§ **PROBLEM TO SOLVE**: Produce a verbatim copy of the following records, leaving out all pictures.

§ **INPUT DATA**:
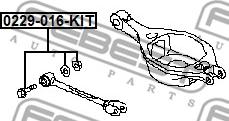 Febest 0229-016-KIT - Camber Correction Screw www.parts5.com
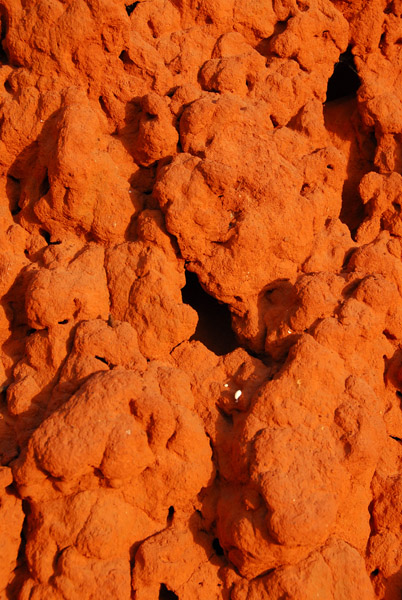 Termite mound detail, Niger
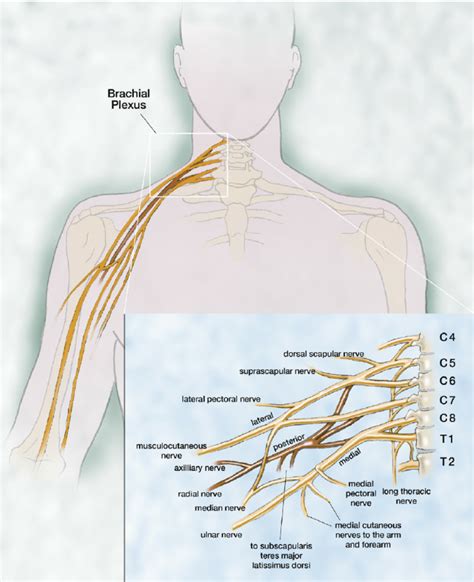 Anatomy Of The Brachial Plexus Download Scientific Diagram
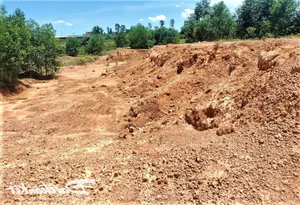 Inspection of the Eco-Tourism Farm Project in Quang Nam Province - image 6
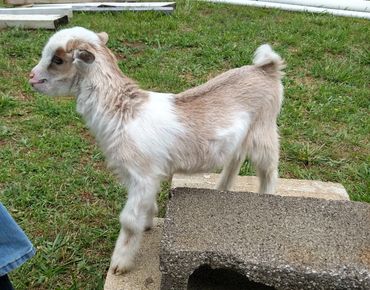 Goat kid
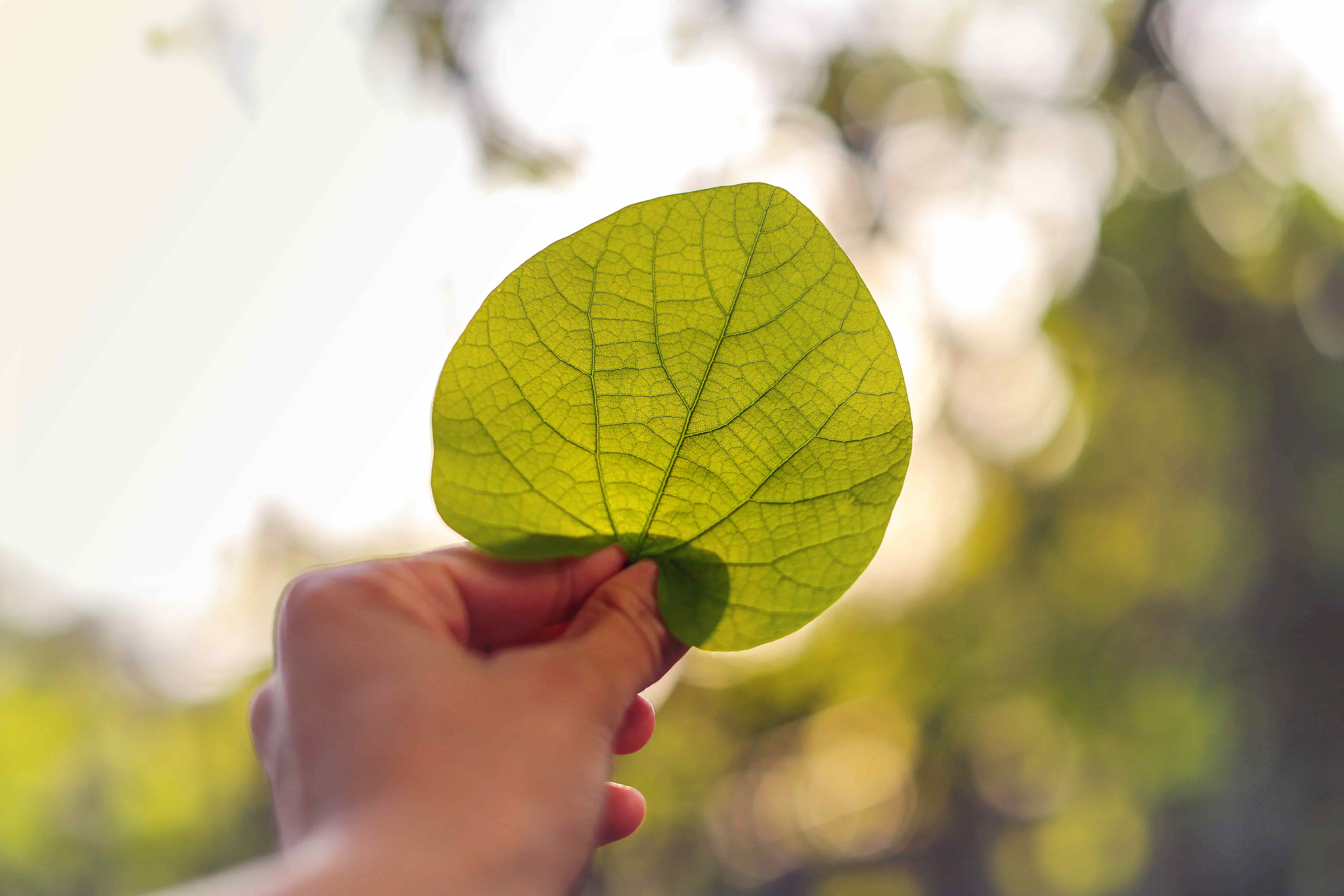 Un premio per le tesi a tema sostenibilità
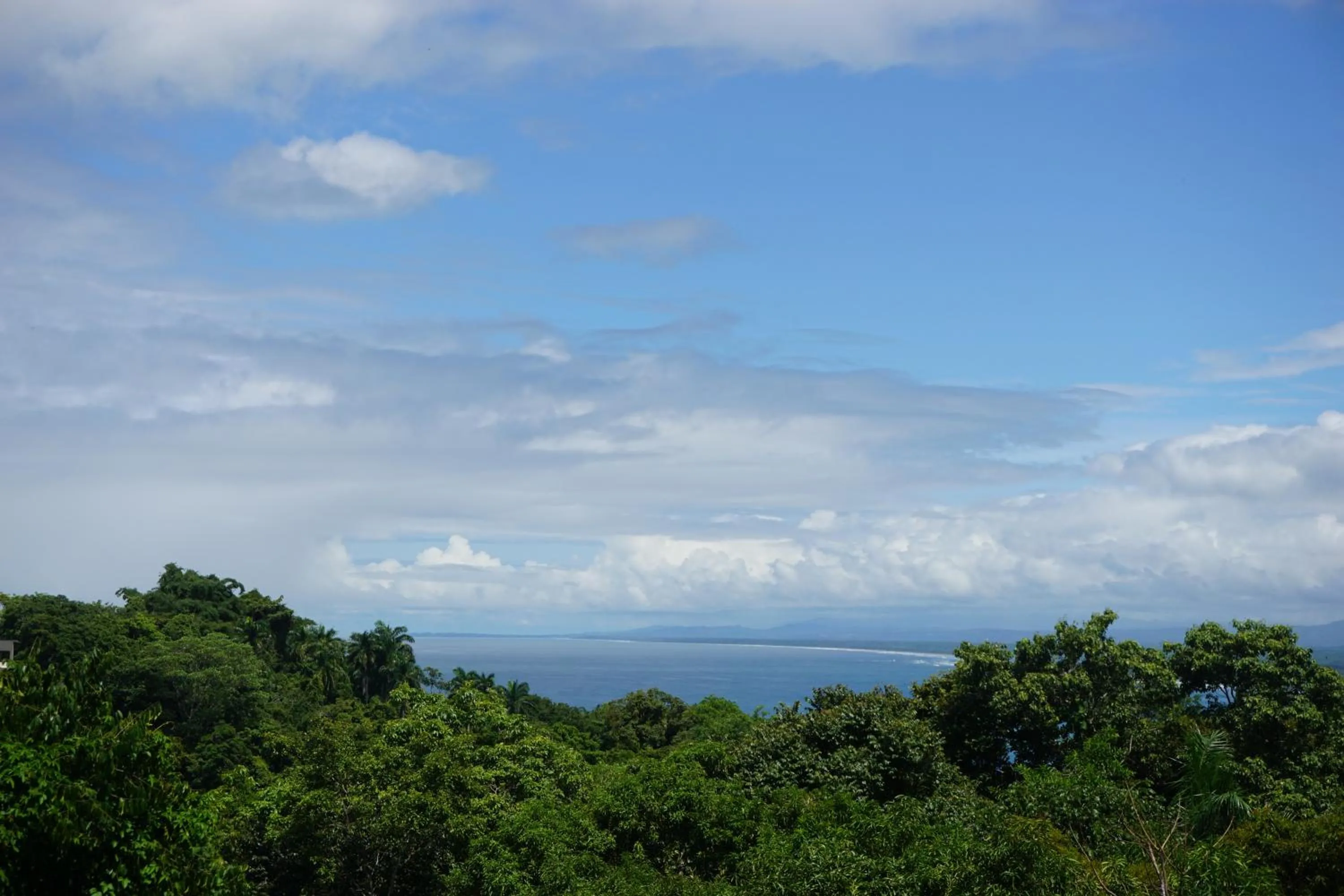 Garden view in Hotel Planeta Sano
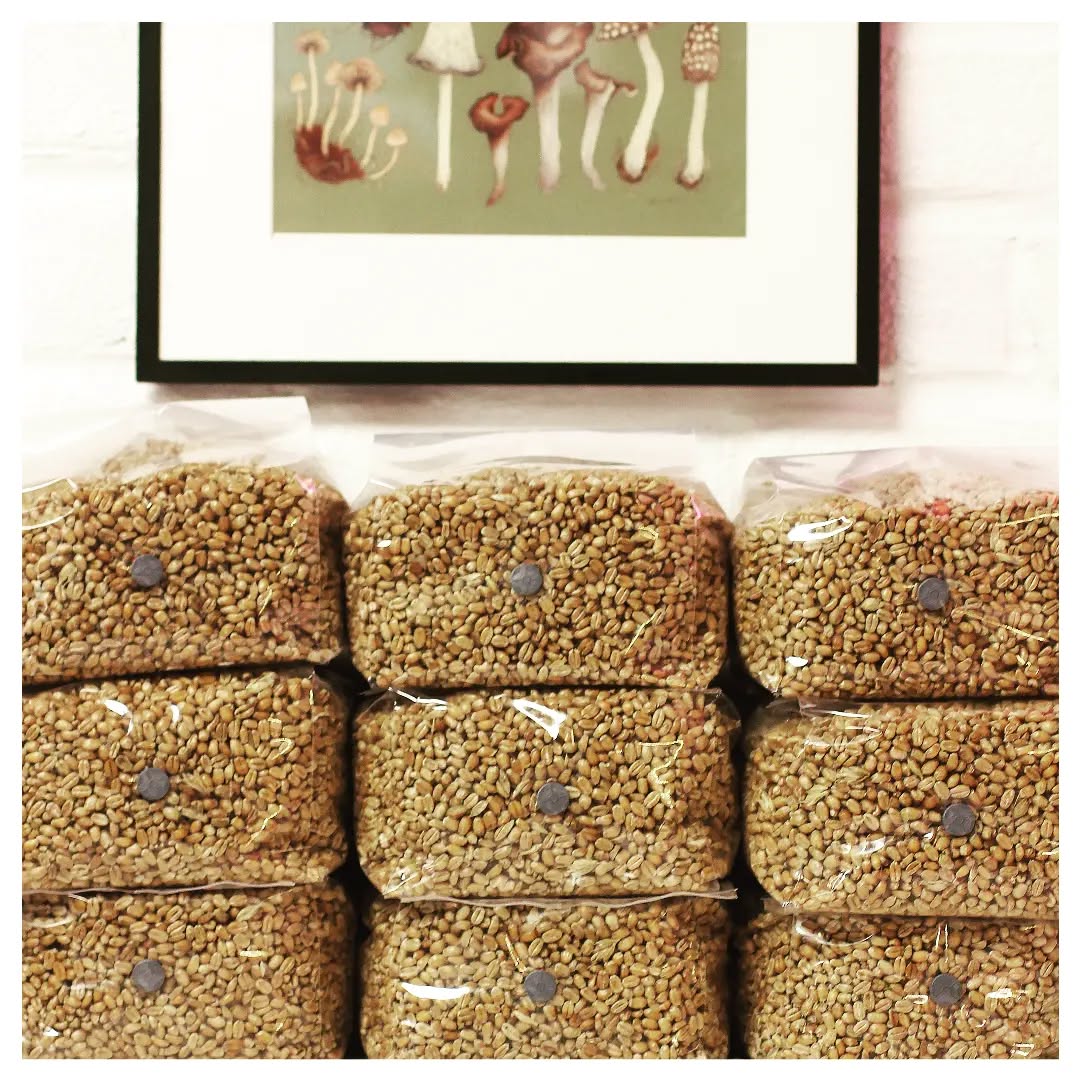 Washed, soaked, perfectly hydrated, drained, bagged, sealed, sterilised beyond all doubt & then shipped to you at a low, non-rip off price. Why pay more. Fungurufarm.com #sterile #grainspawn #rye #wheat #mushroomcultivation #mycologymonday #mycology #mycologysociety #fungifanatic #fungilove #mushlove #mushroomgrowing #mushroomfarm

§ **PROBLEM SOLUTION**:
 Febest 0229-016-KIT - Camber Correction Screw www.parts5.com
 Termite mound detail, Niger
 Anatomy Of The Brachial Plexus Download Scientific Diagram
 Inspection of the Eco-Tourism Farm Project in Quang Nam Province - image 6
 Goat kid
 Un premio per le tesi a tema sostenibilità
 Garden view in Hotel Planeta Sano
 Washed, soaked, perfectly hydrated, drained, bagged, sealed, sterilised beyond all doubt & then shipped to you at a low, non-rip off price. Why pay more. Fungurufarm.com #sterile #grainspawn #rye #wheat #mushroomcultivation #mycologymonday #mycology #mycologysociety #fungifanatic #fungilove #mushlove #mushroomgrowing #mushroomfarm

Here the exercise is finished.